(Work instructions): Copy down every line of the data that follows exactly. Omit the pictures.

(Source material):

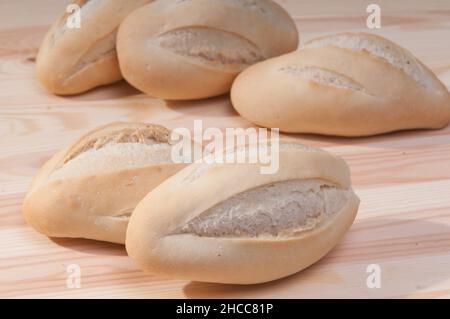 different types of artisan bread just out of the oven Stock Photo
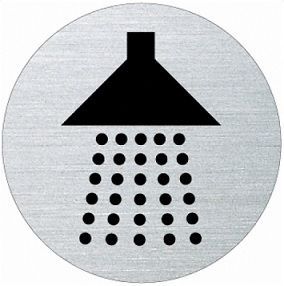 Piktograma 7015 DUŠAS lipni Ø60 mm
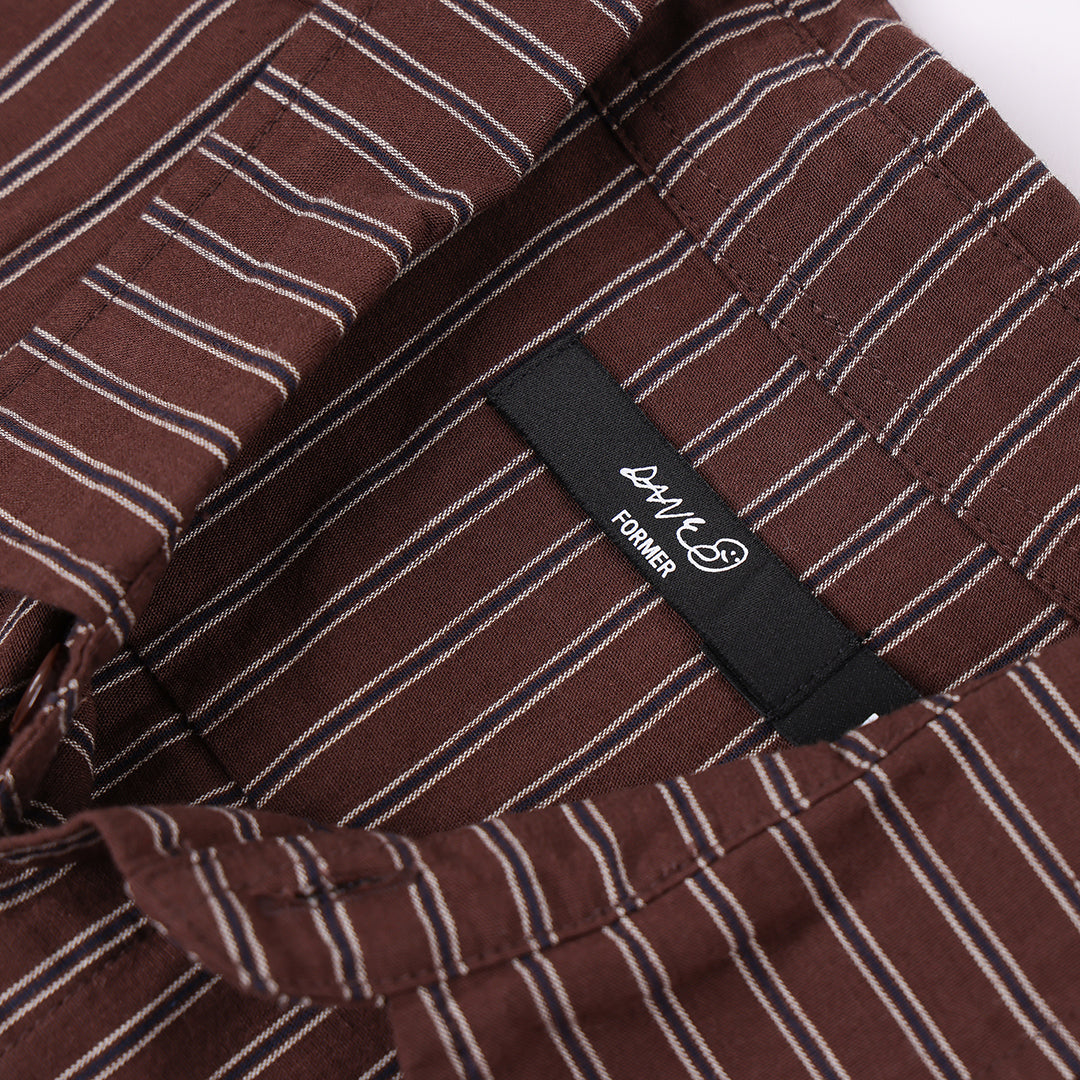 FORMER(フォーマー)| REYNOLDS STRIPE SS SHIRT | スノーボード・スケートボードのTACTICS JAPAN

(Response area):
 different types of artisan bread just out of the oven Stock Photo
 Piktograma 7015 DUŠAS lipni Ø60 mm
 FORMER(フォーマー)| REYNOLDS STRIPE SS SHIRT | スノーボード・スケートボードのTACTICS JAPAN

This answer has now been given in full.